Last week, archaeologists presented the mayor of Jerusalem with an ancient clay seal, discovered on the Temple Mount and inscribed with the words, “belonging to the governor of the city.” Amanda Borschel-Dan explains its significance:
According to the site’s excavator Shlomit Weksler-Bdolah, “this is the first time that such an impression was found in an authorized excavation. It supports the biblical rendering of the existence of a governor of the city in Jerusalem 2,700 years ago.”
The minuscule clay seal impression . . . was found while researchers were examining the dust from a First Temple structure 100 meters northwest of the Western Wall at a site that the Israel Antiquities Authority has been excavating since 2005. The excavations have offered up insights into Jerusalem’s Second Temple and Roman periods, as well as a massive Iron Age [i.e., First Temple-period or earlier] four-room building where an eclectic collection of six other seals were uncovered, whose origins point to a thriving cosmopolitan center or settlement.
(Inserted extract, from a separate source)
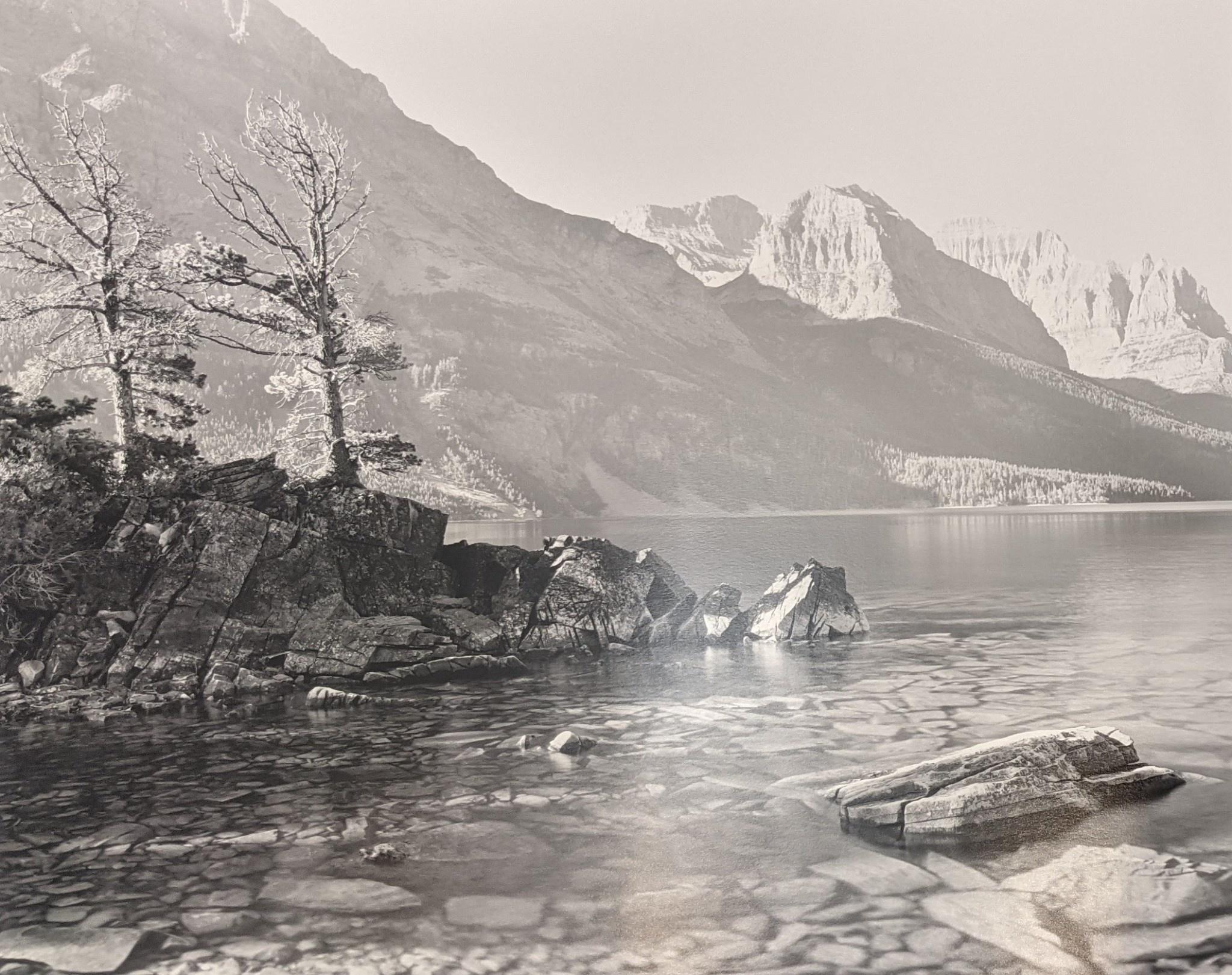 Bill Lemke Black and White Photograph – Zwei Bäume und der spektakuläre St. Mary's Lake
“The seal impression . . . served as some sort of logo, or as a tiny souvenir, which was sent on behalf of the governor of the city,” said Weksler-Bdolah, . . . [who explained] that the governor most likely functioned much like today’s mayor. The role is mentioned in the Hebrew Bible: in 2Kings, someone named Joshua is listed as the governor of the city in the days of King Hezekiah, and in 2Chronicles, Maaseiah is noted as governor of the city in the days of King Josiah.